SSL and HTTPS
=============

Overall problem: security in the presence of a network adversary.
  Web browser communicates with web servers via network.
  Unlike previous lectures, adversary assumed to intercept, modify packets.
  Turns out this is a good model for many situations:
    Nearby adversaries can intercept packets on wired, wireless networks.
    Adversaries can often spoof packets from arbitrary sources.
  How to build secure systems in the presence of such adversaries?

Recall: two kinds of encryption schemes.
  E is encrypt, D is decrypt
  Symmetric key cryptography means same key is used to encrypt & decrypt
    ciphertext = E_k(plaintext)
    plaintext = D_k(ciphertext)
  Asymmetric key (public-key) cryptography: encrypt & decrypt keys differ
    ciphertext = E_PK(plaintext)
    plaintext = D_SK(ciphertext)
    PK and SK are called public and secret (private) key, respectively
  Public-key cryptography is orders of magnitude slower than symmetric

  Encryption provides data secrecy, often also want integrity.
  Message authentication code (MAC) with symmetric keys can provide integrity.
    Look up HMAC if you're interested in more details.
  Can use public-key crypto to sign and verify, almost the opposite:
    Use secret key to generate signature (compute D_SK)
    Use public key to check signature (compute E_PK)

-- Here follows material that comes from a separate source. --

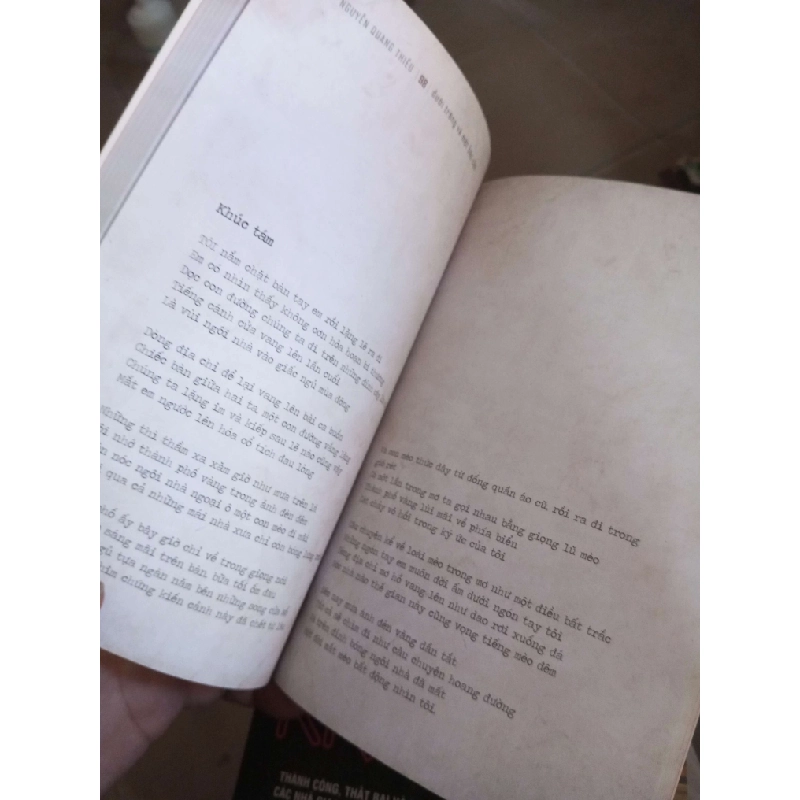 Dưới Trăng Và Một Bậc Cửa - Nguyễn Quang Thiều 2020 mới 90% Sách văn học HCM1004 1007596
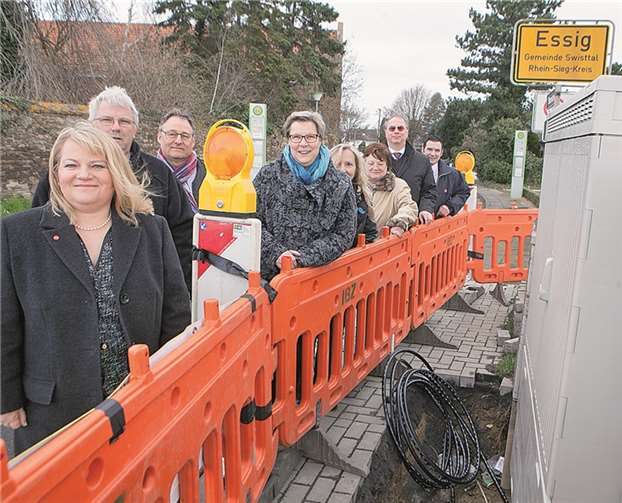 Gemeindeverwaltung, Ortsvorsteher und Vertreter der Telekommunikationsfirma bn:t freuten sich in Essig über die Fertigstellung des ersten Verteilerkastens für das schnelle Internet.JOST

How to secure network communication with cryptography?  (Simple sketch.)
  Suppose two computers already have a shared secret key.
    Use symmetric encryption and MAC to encrypt, authenticate messages.
    Adversary cannot decrypt or tamper with messages.
  What can we do if two computers don't have a shared secret?
  One possibility: two computers know each other's public keys.
    Use public-key encryption (expensive) to exchange symmetric keys.
    Strawman: A picks symmetric key, encrypts with PK_B, sends to B.
    Now fall back to symmetric encryption/MAC case.
  What can go wrong with strawman?
    Adversary can replay all of A's traffic and B would not notice.
    Solution: have the server send a nonce (random value).
      Incorporate the nonce into the final master secret:
        K_master = f(K_pre-master, nonce)
    Adversary can impersonate A, by sending another symmetric key to B.
    Possible solution (one of many; if B cares who A is):
      B also chooses and send a symmetric key to A, encrypted with PK_A.
      Then both A and B use a hash of the two keys combined.
    Adversary can later obtain SK_B, decrypt symmetric key and all messages.
    Solution: use a key exchange protocol like Diffie-Hellman,
      which provides forward secrecy.
  What if neither computer knows each other's public key?
    Common approach: use a trusted third party to generate certificates.
    Certificate is tuple (name, pubkey), signed by certificate authority.
    Meaning: certificate authority claims that name's public key is pubkey.
    B sends A a pubkey along with a certificate.
    If A trusts certificate authority, continue as above.
    The process to establish K_master is called the "handshake"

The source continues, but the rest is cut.